Records from a collection:
● ● ● ● ● ● ●

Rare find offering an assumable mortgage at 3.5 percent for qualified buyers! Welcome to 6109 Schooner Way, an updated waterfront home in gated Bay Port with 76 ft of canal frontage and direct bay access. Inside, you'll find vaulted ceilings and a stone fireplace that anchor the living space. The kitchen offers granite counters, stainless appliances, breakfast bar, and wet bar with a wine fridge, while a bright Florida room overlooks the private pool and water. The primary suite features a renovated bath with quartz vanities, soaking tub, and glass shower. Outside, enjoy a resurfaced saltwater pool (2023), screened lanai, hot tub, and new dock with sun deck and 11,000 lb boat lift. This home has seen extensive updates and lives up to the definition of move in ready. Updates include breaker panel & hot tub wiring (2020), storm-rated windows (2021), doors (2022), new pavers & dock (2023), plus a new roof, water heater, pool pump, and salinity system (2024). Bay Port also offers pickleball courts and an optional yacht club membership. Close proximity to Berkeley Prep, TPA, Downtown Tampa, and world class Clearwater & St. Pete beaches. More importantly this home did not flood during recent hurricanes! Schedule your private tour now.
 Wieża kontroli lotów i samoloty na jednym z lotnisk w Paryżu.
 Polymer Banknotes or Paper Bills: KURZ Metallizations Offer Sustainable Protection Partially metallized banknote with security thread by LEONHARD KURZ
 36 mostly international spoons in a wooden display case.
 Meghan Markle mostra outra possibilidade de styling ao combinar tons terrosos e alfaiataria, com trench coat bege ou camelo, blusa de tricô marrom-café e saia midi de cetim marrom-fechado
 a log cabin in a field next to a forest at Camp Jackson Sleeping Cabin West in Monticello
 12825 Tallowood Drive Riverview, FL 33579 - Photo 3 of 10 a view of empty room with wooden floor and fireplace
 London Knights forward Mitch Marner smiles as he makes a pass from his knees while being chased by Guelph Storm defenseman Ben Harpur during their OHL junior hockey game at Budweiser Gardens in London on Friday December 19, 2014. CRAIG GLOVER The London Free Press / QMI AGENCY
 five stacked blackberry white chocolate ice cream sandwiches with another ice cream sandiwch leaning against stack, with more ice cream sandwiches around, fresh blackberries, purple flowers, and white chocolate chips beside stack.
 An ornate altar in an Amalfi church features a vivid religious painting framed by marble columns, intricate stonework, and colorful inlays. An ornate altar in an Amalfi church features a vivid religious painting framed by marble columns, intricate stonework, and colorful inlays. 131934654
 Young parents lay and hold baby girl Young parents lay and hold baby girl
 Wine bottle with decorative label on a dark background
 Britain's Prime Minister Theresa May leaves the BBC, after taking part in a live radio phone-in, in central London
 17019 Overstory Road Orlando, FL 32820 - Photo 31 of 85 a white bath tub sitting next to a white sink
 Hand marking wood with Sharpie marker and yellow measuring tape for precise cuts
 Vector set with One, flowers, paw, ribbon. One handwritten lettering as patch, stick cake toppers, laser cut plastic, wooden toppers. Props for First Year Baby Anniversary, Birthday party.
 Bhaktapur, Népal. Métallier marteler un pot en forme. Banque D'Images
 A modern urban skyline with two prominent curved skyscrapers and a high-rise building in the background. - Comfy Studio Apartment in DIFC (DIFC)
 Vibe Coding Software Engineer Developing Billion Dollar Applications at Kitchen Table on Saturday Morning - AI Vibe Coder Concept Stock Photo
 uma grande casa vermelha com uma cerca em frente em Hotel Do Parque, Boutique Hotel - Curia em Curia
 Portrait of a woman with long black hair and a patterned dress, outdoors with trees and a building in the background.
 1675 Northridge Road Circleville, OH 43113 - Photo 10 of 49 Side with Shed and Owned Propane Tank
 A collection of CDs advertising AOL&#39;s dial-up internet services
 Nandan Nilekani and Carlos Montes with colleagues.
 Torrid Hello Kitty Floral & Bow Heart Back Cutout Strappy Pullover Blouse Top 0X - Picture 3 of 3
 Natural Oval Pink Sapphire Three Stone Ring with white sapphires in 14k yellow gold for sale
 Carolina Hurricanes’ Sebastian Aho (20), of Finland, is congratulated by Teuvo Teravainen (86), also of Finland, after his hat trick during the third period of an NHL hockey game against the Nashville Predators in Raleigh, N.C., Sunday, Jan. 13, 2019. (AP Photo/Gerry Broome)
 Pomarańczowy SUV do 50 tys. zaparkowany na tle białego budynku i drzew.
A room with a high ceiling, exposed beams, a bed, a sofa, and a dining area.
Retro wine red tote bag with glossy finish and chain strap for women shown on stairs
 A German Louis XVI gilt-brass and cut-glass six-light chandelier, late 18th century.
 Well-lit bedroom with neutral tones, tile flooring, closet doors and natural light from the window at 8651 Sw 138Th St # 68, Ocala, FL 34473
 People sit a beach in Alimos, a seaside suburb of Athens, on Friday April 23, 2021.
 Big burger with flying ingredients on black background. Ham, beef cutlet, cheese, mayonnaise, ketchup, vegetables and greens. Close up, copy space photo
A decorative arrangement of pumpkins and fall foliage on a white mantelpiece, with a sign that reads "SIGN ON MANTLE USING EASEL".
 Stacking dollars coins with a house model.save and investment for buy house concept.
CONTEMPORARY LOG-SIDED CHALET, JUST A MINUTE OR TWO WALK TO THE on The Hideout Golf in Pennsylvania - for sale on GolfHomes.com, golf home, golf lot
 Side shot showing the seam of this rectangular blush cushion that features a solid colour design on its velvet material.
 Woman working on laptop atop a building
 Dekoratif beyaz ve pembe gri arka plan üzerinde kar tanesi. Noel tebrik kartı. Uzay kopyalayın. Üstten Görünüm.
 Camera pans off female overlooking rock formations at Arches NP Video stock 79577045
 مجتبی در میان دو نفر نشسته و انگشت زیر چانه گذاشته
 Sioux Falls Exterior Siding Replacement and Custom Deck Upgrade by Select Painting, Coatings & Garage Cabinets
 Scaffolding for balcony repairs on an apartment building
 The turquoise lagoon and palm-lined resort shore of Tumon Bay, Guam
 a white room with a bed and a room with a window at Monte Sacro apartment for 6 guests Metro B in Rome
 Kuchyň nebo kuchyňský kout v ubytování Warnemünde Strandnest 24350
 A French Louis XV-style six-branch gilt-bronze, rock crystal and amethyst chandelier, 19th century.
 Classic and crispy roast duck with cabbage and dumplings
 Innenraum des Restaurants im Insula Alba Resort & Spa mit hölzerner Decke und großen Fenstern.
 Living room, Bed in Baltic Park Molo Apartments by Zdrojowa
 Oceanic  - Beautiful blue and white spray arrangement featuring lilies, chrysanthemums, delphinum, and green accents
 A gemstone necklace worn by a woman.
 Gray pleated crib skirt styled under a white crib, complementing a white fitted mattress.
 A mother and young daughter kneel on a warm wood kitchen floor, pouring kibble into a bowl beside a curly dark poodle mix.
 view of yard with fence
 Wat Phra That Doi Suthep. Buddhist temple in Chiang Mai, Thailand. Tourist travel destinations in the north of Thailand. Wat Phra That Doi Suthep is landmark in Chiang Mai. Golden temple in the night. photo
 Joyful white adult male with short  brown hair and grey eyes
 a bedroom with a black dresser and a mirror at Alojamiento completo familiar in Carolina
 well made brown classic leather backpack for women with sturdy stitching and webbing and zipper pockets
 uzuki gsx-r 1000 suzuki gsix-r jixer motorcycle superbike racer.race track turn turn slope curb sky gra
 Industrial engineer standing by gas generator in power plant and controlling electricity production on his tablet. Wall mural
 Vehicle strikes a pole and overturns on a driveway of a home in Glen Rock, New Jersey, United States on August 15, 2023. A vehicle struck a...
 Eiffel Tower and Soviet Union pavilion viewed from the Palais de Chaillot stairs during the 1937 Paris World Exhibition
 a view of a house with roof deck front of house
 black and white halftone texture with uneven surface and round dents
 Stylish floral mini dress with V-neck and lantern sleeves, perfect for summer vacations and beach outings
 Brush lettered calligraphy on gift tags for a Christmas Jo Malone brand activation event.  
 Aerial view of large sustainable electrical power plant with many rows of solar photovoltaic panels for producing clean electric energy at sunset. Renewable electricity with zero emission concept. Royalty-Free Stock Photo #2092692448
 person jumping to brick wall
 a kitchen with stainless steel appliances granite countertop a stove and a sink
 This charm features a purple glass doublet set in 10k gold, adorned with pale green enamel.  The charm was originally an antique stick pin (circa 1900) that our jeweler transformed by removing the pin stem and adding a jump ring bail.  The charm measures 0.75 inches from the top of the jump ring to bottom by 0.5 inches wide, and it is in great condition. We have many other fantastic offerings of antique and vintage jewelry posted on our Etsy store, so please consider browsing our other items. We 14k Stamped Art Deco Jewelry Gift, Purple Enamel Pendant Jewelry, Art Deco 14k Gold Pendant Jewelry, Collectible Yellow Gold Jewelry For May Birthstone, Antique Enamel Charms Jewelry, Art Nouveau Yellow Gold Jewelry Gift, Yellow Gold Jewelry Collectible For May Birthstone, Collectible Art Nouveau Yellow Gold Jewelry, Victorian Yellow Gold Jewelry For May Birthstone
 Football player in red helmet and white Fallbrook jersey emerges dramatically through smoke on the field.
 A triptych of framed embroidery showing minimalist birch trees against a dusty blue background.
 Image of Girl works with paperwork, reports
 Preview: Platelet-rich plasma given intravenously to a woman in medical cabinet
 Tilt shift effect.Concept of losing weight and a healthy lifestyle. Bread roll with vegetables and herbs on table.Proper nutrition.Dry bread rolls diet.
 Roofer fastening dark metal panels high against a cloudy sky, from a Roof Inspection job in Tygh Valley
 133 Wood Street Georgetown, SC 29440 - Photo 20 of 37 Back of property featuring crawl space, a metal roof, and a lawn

● ● ● ● ● ● ●

Return all lines from the entries that contain the string "high".

ANSWER TO THE EXERCISE:
 A modern urban skyline with two prominent curved skyscrapers and a high-rise building in the background. - Comfy Studio Apartment in DIFC (DIFC)
A room with a high ceiling, exposed beams, a bed, a sofa, and a dining area.
 Roofer fastening dark metal panels high against a cloudy sky, from a Roof Inspection job in Tygh Valley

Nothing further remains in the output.